For this exercise, copy each line of the records that contains the word "with".

[Records from a data source]

■ ■ ■ ■

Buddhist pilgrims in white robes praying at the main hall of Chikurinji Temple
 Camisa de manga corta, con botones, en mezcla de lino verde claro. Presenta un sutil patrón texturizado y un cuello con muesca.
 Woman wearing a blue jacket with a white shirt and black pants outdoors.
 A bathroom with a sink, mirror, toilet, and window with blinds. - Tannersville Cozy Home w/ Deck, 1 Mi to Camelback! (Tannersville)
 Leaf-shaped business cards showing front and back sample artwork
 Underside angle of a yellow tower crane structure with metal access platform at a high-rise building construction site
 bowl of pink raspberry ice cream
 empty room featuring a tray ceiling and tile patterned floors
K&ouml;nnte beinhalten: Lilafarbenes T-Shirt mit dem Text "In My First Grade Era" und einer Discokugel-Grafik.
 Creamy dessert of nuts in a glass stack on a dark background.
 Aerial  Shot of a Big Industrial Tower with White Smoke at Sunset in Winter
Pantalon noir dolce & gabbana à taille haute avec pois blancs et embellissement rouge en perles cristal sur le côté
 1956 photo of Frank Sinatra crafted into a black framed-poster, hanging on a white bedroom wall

■ ■ ■ ■

Solution to the problem:
 Woman wearing a blue jacket with a white shirt and black pants outdoors.
 A bathroom with a sink, mirror, toilet, and window with blinds. - Tannersville Cozy Home w/ Deck, 1 Mi to Camelback! (Tannersville)
 Underside angle of a yellow tower crane structure with metal access platform at a high-rise building construction site
 Aerial  Shot of a Big Industrial Tower with White Smoke at Sunset in Winter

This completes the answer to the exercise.